[LISTED RECORDS — start]

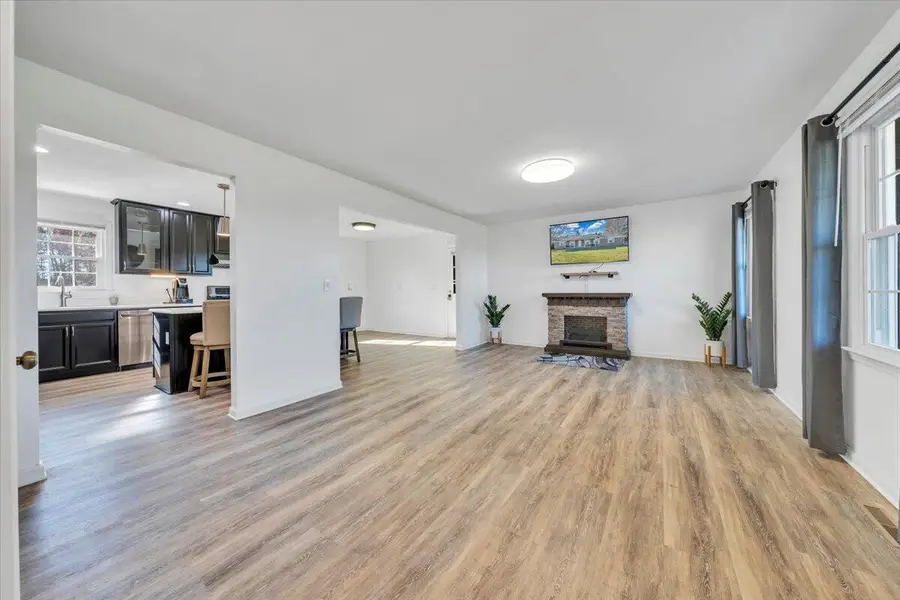 397 Commonwealth Rd, Galax, VA 24333 - #2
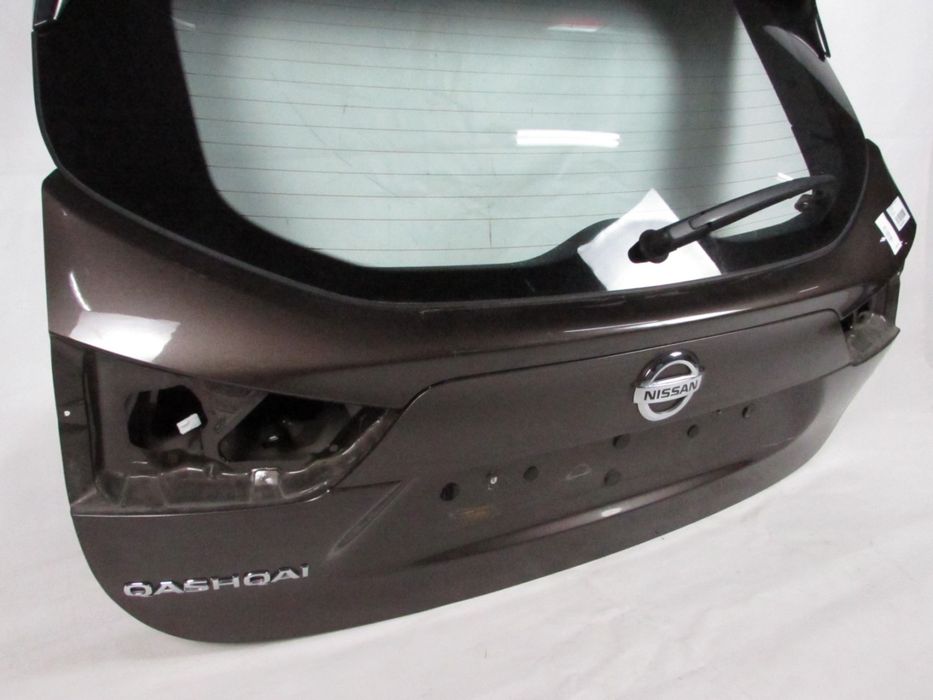 Tampa Da Mala Nissan Qashqai Ii Closed Off-Road Vehicle Ref:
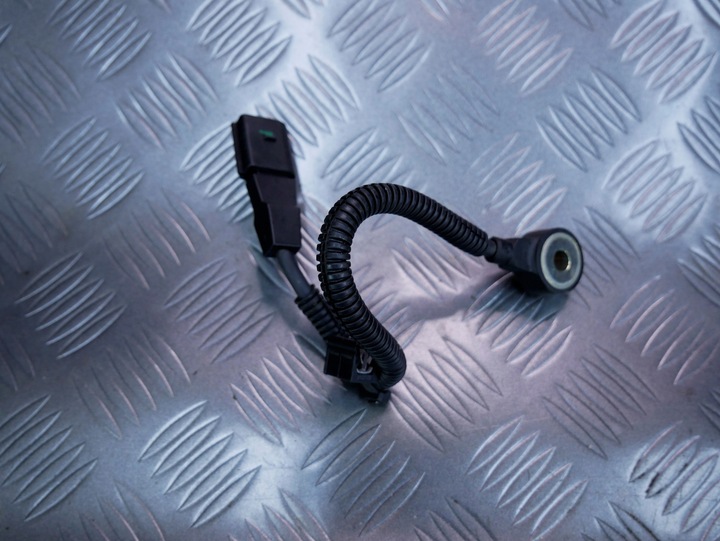 фото №1, Датчик детонационный 079905377f audi rs5 rs4 4.2 fsi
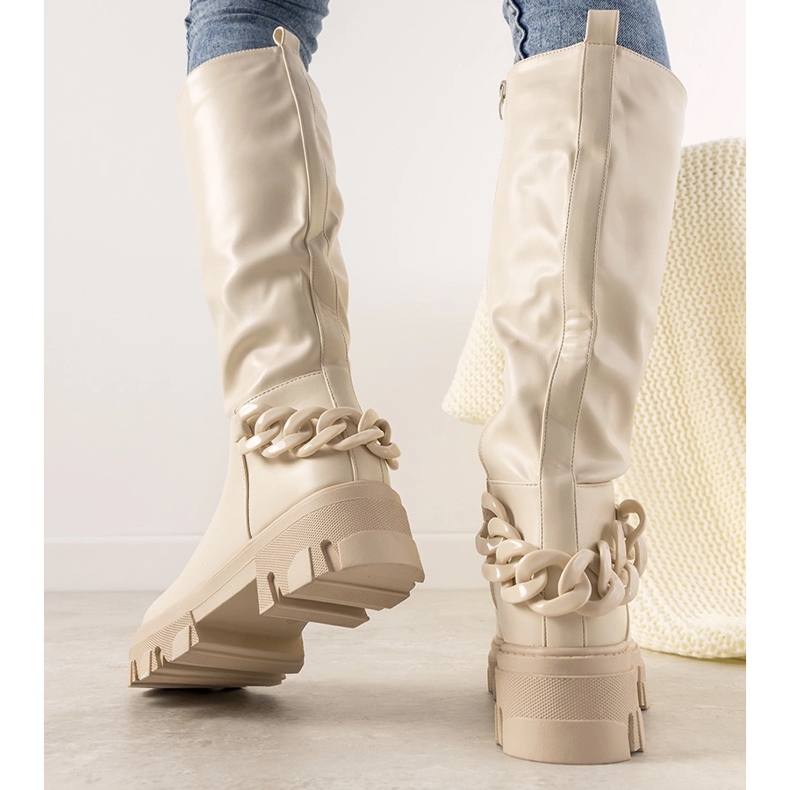 Botas beige con cadena Conny 1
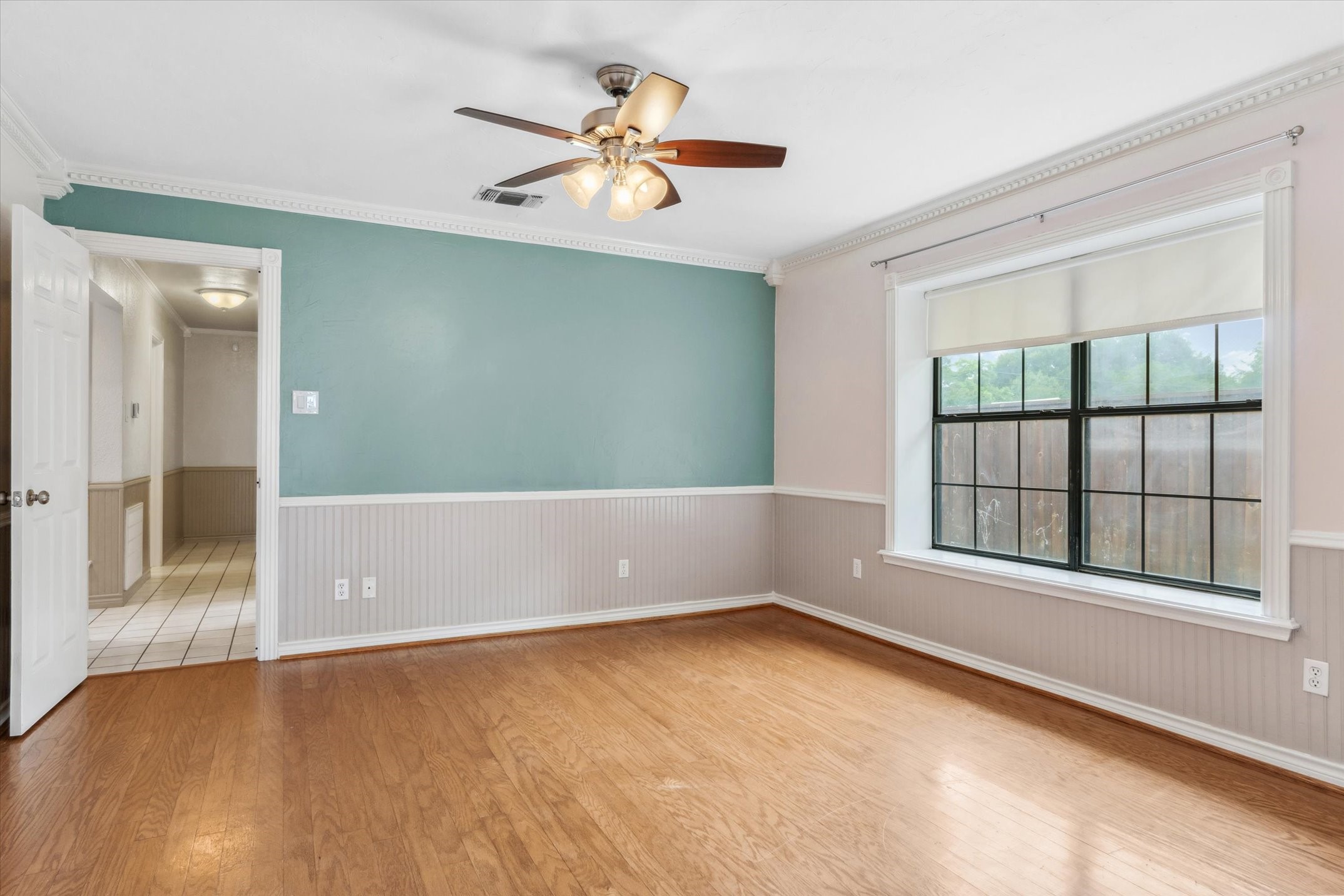 302 Erwin Street Edgewood, TX 75117 - Photo 20 of 40 a view of an empty room with a window
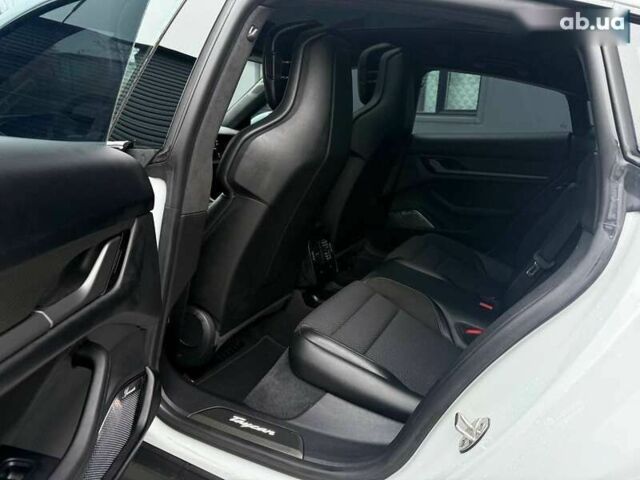 Порше Тайкан, объемом двигателя 0 л и пробегом 43 тыс. км за 71000 $, фото 15 на Automoto.ua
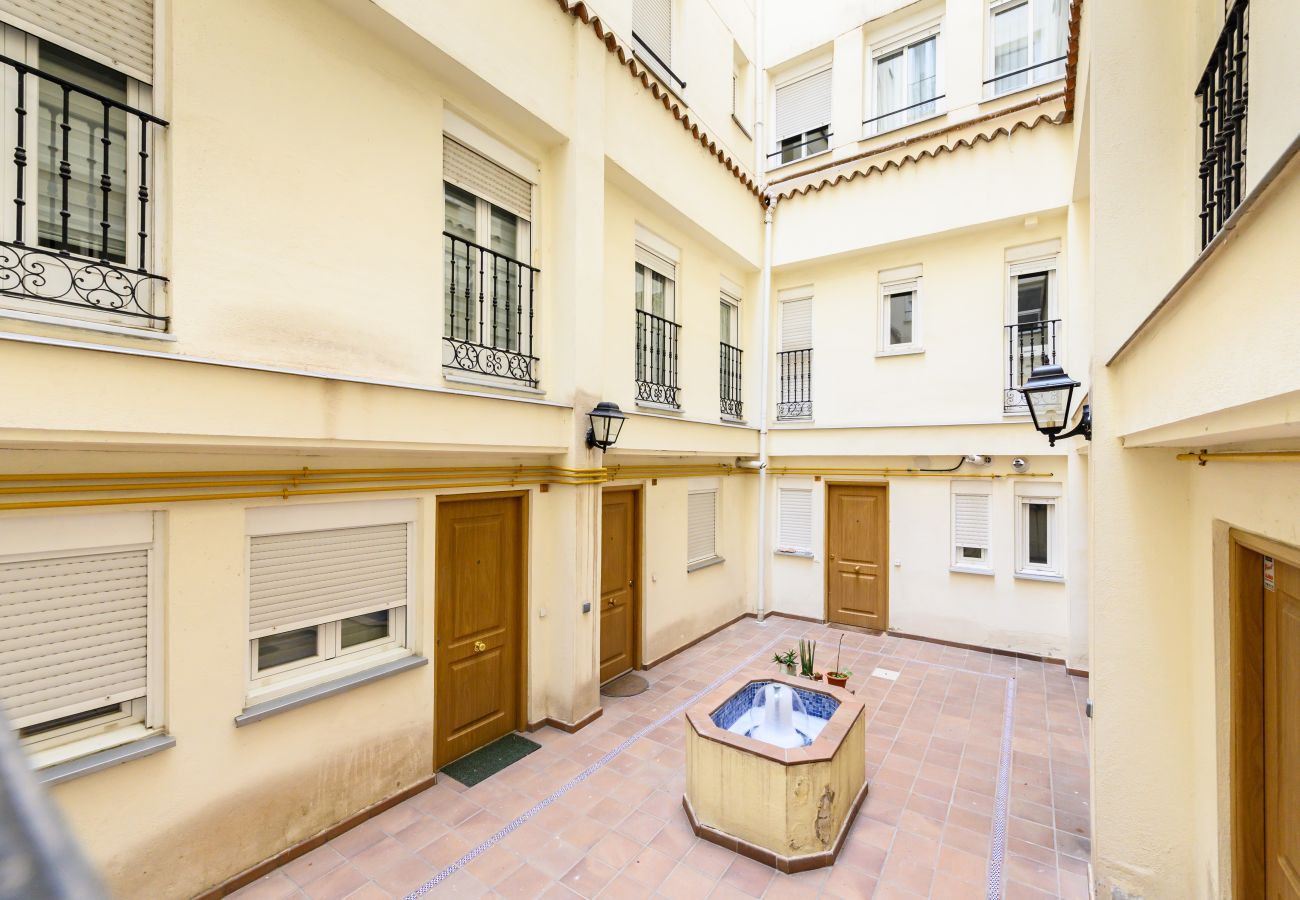 Apartamento en Madrid - M (PRA10) Piso 2 dormitorios y 2 baños, Centro de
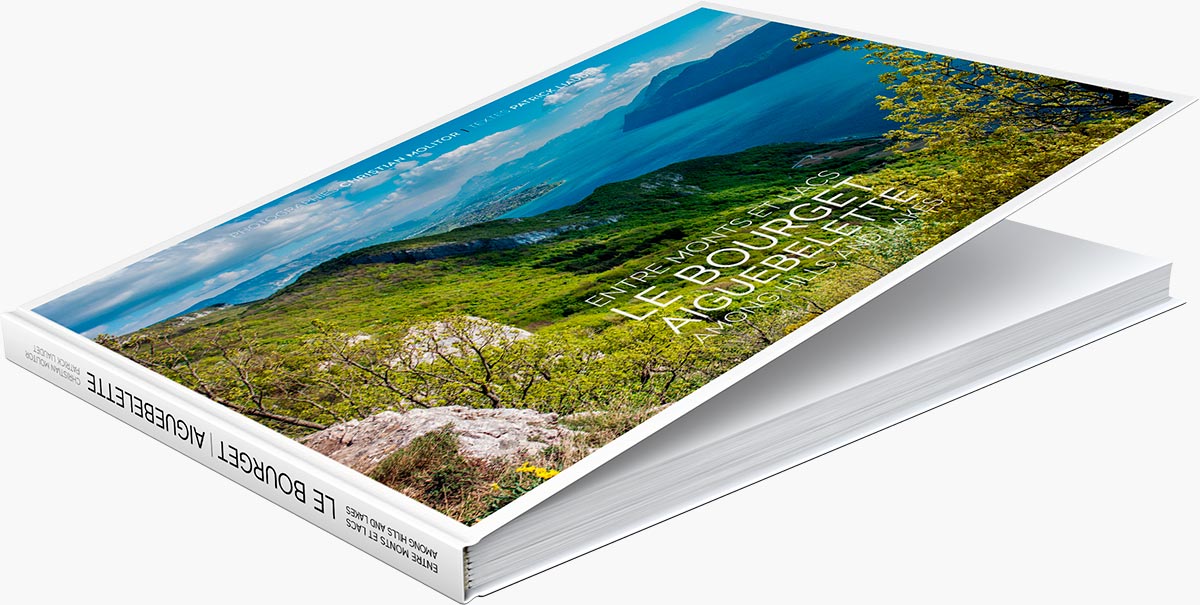 Mise en page du livre "Le Bourget Aiguebelette" du photographe Christian Molitor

[LISTED RECORDS — finish]

» **TASK GOAL**
Write out again, exactly, each line from the one containing "302 Erwin Street" through the last line of the entries, and omit every picture.

» **OUTPUT FOR THIS EXERCISE**
 302 Erwin Street Edgewood, TX 75117 - Photo 20 of 40 a view of an empty room with a window
 Порше Тайкан, объемом двигателя 0 л и пробегом 43 тыс. км за 71000 $, фото 15 на Automoto.ua
 Apartamento en Madrid - M (PRA10) Piso 2 dormitorios y 2 baños, Centro de
 Mise en page du livre "Le Bourget Aiguebelette" du photographe Christian Molitor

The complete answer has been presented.